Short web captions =

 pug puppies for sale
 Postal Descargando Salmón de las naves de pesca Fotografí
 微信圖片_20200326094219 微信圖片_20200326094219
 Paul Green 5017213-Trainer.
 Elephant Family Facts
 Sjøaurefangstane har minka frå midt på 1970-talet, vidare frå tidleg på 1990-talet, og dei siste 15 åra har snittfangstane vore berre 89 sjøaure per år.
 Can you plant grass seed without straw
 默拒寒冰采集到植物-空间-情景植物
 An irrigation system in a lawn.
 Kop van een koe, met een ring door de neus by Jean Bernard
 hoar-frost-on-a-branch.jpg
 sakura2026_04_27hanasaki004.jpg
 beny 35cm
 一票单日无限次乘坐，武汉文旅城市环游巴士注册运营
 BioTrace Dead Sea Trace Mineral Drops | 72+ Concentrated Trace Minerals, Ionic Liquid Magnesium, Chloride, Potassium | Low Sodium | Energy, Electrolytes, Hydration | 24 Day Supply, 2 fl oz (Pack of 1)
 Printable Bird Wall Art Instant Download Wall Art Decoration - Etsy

TASK TO CARRY OUT = Return exactly the lines in the records above, beginning with the one that holds "BioTrace Dead Sea" and ending with the last.

EXERCISE ANSWER =
 BioTrace Dead Sea Trace Mineral Drops | 72+ Concentrated Trace Minerals, Ionic Liquid Magnesium, Chloride, Potassium | Low Sodium | Energy, Electrolytes, Hydration | 24 Day Supply, 2 fl oz (Pack of 1)
 Printable Bird Wall Art Instant Download Wall Art Decoration - Etsy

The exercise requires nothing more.